Robin Hood is a legendary outlaw originally depicted in English folklore and subsequently featured in literature and film. According to legend, he was a highly skilled archer and swordsman. In some versions of the legend, he is depicted as being of noble birth, and in modern retellings he is sometimes depicted as having fought in the Crusades before returning to England to find his lands taken by the Sheriff. In the oldest known versions he is instead a member of the yeoman class. Traditionally depicted dressed in Lincoln green, he is said to have robbed from the rich and given to the poor.
Through retellings, additions, and variations, a body of familiar characters associated with Robin Hood has been created. These include his lover, Maid Marian, his band of outlaws, the Merry Men, and his chief opponent, the Sheriff of Nottingham. The Sheriff is often depicted as assisting Prince John in usurping the rightful but absent King Richard, to whom Robin Hood remains loyal. His partisanship of the common people and his hostility to the Sheriff of Nottingham are early recorded features of the legend, but his interest in the rightfulness of the king is not, and neither is his setting in the reign of Richard I. He became a popular folk figure in the Late Middle Ages. The earliest known ballads featuring him are from the 15th century.
There have been numerous variations and adaptations of the story over the subsequent years, and the story continues to be widely represented in literature, film, and television. Robin Hood is considered one of the best-known tales of English folklore. In popular culture, the term “Robin Hood” is often used to describe a heroic outlaw or rebel against tyranny.
The historicity of Robin Hood has been debated for centuries. There are numerous references to historical figures with similar names that have been proposed as possible evidence of his existence, some dating back to the late 13th century. At least eight plausible origins to the story have been mooted by historians and folklorists, including suggestions that “Robin Hood” was a stock alias used by or in reference to bandits.
Ye Old Trip to Jerusalem is built just outside the rocks under the castle and some of the rooms are actually caves.
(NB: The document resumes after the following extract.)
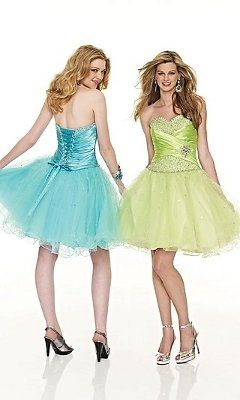 PLLLLEEEAAASSSEEE help me find this dress!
There is apparently a large “city of caves” under the castle you can tour as well.
This pub claims to have been established in 1189. This was the year that Richard the Lionheart became king and Pope Gregory VIII called for a Third Crusade to the Holy Land; however, there is no documentation to verify this date. Evidence suggests that caves in the rock against which the pub is built (called Castle Rock) were used as a brew house for Nottingham Castle, and may date from around the time the castle was built in 1067. These caves were reputedly originally used as a brew house for the castle, dating from the medieval period.
The earliest known reference to the name “Ye Olde Trip to Jerusalem” was in 1799. Before being known by its current name, it is believed that the pub was named “The Pilgrim” and references to this name date back to 1751. The current name is believed to come from the belief that pilgrims or crusaders would stop at the inn on their journey to Jerusalem. Some elements of the pub’s name are misunderstood in the modern day: “Ye Olde” is properly pronounced “the old” and “trip” refers to a stop on a journey, rather than the journey itself.
Locals often use a shortened version of the name, “the Trip”.
With regard to our Scottish twenty pound notes, Doug went to a bank and they wouldn’t exchange them without you having an account but a kind soul in the queue offered to exchange them and he would deposit them. Ah the kindness of strangers!